Direct intervention is the only thing that can bridge the gap. We need state-funded logistics—a fleet of vehicles that aren't looking to squeeze a profit out of the farmer, but simply to move the calories from the field to the plate. We need cold storage facilities in every province, so a drop in market price doesn't mean an immediate trip to the landfill.
Without these things, we are essentially telling our farmers that their labor has no value. We are telling them that their sweat is worth less than the liquid gold we pump into our engines.
A Silence in the Fields
Back in Pangasinan, the sun begins to set. Arnel turns his back on the red-stained field. He will go home and eat a meal of rice and dried fish, despite being surrounded by enough fresh produce to feed a village.
The silence in the fields is the most terrifying part. It isn't the peaceful silence of nature; it’s the silence of a factory that has stopped humming. It’s the silence of a man who has run out of options.
Tomorrow, he will look at the sky and see no clouds, only the heat.

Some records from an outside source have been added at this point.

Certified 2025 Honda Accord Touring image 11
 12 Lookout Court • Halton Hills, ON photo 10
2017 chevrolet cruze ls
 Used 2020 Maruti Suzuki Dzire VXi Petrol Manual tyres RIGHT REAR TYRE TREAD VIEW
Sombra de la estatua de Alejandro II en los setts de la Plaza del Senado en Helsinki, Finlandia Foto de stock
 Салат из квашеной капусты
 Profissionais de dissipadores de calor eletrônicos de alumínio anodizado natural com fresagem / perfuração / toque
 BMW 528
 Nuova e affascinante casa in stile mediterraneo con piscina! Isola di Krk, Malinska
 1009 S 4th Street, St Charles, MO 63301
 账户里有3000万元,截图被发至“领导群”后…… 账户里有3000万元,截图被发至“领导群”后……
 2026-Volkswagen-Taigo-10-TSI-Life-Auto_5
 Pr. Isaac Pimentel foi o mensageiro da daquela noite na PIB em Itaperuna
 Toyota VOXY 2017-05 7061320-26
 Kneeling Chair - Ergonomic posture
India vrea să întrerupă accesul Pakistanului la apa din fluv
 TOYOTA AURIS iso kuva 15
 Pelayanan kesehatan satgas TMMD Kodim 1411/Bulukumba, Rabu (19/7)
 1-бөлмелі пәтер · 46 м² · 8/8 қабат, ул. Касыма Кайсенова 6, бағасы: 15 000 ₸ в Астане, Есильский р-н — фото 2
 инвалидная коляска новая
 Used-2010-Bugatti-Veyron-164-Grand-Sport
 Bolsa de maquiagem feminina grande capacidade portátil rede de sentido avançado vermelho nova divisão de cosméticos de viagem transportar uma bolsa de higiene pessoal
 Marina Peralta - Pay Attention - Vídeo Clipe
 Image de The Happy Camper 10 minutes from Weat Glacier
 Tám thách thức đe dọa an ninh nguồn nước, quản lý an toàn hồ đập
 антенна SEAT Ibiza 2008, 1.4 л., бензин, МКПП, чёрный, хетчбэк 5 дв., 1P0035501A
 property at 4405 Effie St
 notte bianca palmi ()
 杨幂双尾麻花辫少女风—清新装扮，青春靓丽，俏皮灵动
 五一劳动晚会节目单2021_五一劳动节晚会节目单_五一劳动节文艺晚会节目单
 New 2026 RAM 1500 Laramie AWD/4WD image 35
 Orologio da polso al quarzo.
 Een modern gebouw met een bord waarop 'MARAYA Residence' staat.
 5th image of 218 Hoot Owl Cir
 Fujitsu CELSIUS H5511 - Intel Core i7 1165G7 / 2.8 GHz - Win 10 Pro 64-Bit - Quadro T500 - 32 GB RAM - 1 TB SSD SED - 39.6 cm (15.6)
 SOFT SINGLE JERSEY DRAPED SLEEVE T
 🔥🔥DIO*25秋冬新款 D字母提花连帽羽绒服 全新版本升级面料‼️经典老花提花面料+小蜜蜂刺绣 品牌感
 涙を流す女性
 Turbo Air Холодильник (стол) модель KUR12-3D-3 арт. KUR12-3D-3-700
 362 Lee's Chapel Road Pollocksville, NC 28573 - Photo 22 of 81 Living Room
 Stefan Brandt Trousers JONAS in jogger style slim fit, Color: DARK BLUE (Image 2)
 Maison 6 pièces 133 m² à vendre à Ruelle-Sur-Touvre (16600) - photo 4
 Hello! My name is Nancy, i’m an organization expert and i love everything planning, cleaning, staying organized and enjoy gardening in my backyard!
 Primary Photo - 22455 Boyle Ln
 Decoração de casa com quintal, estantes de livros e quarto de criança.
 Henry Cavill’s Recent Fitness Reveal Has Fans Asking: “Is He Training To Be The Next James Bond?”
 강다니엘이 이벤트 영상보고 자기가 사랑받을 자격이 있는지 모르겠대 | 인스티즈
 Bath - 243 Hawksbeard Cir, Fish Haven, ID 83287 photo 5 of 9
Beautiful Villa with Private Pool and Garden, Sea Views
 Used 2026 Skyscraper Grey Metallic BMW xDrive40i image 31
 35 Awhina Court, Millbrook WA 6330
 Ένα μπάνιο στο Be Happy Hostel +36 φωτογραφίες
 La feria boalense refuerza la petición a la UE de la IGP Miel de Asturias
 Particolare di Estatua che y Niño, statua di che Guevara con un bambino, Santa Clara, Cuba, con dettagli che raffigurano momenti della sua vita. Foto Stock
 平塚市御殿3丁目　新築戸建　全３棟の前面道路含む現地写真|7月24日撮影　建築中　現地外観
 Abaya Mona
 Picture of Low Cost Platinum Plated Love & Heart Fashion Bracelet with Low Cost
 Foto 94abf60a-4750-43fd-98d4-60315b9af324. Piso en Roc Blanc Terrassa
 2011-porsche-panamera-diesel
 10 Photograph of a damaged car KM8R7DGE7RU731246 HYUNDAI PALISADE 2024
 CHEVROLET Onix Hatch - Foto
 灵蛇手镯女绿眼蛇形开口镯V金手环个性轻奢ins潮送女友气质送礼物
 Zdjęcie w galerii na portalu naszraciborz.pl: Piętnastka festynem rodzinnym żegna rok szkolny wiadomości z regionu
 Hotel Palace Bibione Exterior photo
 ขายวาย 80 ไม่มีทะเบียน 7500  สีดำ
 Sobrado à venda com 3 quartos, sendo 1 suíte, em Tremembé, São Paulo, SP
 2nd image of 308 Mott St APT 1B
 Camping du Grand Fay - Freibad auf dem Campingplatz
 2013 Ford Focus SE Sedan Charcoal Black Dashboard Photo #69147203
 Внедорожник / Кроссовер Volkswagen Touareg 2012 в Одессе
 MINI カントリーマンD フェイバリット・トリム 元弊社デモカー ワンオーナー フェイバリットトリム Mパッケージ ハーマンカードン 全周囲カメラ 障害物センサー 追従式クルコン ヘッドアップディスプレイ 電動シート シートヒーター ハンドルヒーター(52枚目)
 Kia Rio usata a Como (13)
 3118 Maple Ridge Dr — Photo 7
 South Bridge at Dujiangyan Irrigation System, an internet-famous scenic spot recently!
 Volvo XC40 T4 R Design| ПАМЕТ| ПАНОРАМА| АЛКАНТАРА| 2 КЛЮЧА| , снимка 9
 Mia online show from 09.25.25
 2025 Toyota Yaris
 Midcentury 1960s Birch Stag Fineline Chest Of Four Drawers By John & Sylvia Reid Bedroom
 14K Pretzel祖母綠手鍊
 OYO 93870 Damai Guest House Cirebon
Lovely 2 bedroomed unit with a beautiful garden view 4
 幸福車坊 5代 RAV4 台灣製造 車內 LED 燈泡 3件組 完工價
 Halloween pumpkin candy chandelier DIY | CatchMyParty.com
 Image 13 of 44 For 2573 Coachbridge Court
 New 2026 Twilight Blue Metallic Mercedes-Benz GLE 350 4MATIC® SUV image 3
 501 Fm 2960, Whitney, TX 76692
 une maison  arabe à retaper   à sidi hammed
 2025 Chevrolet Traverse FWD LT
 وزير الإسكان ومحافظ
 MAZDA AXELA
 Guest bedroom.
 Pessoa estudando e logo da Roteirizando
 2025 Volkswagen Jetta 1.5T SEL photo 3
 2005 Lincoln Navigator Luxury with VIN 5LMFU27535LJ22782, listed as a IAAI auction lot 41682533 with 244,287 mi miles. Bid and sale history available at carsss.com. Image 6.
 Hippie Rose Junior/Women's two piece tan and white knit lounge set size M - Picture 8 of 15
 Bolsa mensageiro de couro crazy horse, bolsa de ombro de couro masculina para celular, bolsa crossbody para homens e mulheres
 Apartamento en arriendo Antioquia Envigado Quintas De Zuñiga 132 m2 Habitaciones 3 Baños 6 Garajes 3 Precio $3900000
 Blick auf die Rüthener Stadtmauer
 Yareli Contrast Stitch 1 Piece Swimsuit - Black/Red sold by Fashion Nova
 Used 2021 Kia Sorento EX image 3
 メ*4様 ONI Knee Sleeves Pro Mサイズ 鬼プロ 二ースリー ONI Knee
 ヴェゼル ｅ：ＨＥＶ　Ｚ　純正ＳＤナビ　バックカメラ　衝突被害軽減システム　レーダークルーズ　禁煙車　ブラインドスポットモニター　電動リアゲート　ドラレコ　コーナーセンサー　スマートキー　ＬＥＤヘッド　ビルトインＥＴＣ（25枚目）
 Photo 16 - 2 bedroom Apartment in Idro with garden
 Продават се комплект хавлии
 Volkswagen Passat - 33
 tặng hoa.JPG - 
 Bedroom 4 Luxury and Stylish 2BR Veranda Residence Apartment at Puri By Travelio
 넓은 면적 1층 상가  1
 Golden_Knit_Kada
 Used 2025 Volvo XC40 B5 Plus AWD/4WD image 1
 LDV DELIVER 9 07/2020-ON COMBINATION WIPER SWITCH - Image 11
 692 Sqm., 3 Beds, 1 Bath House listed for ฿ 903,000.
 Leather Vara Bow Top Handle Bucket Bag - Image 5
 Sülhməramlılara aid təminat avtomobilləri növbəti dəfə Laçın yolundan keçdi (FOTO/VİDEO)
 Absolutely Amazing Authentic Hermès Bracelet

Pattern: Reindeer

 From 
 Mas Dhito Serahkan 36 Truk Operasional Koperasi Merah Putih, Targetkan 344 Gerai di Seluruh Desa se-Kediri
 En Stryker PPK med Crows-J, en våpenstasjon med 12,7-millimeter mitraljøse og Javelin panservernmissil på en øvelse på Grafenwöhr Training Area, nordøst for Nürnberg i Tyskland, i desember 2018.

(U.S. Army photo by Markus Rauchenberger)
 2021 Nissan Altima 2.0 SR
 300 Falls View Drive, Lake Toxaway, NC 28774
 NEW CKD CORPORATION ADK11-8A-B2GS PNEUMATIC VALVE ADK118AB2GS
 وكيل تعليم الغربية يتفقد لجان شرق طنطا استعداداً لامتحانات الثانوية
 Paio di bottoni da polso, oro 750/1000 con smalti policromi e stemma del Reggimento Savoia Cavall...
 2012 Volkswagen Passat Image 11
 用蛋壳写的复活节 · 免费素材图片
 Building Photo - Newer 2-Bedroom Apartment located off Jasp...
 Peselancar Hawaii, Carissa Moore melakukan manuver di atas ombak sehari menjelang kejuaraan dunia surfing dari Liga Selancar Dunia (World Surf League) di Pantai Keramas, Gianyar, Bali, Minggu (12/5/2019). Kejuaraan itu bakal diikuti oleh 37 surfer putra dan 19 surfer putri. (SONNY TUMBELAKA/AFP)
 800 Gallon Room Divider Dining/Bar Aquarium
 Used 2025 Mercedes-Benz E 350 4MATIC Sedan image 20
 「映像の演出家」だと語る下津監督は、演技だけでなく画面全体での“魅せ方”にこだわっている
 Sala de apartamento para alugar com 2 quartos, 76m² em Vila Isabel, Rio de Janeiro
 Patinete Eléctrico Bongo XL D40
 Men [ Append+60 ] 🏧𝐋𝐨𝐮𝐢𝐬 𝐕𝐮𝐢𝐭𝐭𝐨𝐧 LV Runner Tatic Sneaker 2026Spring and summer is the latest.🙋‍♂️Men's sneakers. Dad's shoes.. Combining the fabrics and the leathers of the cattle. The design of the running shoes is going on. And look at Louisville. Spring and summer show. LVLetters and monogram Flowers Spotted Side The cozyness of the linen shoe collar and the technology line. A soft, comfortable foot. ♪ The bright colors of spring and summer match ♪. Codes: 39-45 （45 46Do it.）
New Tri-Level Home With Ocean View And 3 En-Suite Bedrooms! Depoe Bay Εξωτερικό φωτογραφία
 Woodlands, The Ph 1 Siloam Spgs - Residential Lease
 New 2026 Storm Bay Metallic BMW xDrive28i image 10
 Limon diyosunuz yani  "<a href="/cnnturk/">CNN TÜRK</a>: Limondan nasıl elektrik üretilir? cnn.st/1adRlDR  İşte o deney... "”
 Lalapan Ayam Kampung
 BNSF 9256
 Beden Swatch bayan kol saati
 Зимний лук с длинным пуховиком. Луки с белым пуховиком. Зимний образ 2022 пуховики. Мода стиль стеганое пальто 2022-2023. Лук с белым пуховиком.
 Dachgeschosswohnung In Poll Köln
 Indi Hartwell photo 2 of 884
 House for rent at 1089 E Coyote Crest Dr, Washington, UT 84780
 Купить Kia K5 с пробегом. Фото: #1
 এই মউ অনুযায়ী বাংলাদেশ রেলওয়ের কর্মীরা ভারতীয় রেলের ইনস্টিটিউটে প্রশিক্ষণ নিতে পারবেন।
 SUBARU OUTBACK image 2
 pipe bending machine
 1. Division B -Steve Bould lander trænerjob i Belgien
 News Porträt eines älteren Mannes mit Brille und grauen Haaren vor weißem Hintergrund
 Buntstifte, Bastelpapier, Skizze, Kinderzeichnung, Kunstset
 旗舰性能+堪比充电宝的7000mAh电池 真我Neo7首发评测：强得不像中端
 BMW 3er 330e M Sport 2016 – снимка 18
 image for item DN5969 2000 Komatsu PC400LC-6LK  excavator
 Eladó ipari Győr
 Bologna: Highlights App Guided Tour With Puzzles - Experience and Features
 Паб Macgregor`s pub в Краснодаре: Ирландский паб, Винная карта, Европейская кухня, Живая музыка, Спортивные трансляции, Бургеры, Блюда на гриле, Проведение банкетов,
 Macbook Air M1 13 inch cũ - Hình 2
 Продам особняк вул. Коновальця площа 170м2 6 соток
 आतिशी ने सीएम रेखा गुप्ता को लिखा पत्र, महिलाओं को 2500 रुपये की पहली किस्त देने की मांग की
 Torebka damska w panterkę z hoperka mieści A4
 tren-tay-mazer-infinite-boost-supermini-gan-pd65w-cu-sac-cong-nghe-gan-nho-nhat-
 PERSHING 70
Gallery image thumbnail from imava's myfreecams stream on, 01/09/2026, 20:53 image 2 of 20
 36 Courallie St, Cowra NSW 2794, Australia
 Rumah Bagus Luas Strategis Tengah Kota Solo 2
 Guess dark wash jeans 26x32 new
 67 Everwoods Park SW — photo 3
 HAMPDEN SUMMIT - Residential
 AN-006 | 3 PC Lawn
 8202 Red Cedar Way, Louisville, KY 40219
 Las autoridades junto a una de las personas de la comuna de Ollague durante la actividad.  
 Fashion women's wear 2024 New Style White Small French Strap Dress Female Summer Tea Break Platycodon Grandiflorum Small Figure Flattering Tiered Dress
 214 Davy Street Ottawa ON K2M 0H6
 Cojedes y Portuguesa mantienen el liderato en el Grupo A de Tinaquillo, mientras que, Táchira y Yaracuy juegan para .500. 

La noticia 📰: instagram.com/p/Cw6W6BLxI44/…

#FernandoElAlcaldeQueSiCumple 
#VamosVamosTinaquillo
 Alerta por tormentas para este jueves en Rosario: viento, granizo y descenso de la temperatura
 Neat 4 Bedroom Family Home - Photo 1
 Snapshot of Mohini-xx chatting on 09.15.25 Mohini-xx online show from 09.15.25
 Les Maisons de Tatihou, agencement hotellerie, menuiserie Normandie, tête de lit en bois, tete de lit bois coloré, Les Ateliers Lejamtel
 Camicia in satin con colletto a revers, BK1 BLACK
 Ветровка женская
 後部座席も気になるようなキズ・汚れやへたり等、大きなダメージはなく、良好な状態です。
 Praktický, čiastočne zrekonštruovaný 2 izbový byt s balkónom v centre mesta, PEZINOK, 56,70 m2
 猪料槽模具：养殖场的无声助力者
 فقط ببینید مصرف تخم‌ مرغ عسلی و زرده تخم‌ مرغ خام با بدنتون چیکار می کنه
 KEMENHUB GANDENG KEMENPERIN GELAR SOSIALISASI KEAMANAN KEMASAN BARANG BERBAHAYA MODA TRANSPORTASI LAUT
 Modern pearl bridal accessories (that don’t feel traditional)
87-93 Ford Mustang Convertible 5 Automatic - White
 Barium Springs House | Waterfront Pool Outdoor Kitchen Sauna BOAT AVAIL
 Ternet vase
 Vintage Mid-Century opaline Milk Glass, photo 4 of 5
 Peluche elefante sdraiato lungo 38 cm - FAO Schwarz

He will look at his tractor and see a machine he cannot afford to feed.
The tomatoes will continue to sink into the dirt, turning from fruit to mush, then to dust. They are a vibrant, bleeding testament to a system that has forgotten how to value the hands that feed it. If we do not find a way to lower the cost of the journey from the soil to the city, we will soon find ourselves with plenty of fuel, plenty of roads, and absolutely nothing to eat.
Arnel walks away, his shadow long and thin against the wasted harvest, a ghost in his own land.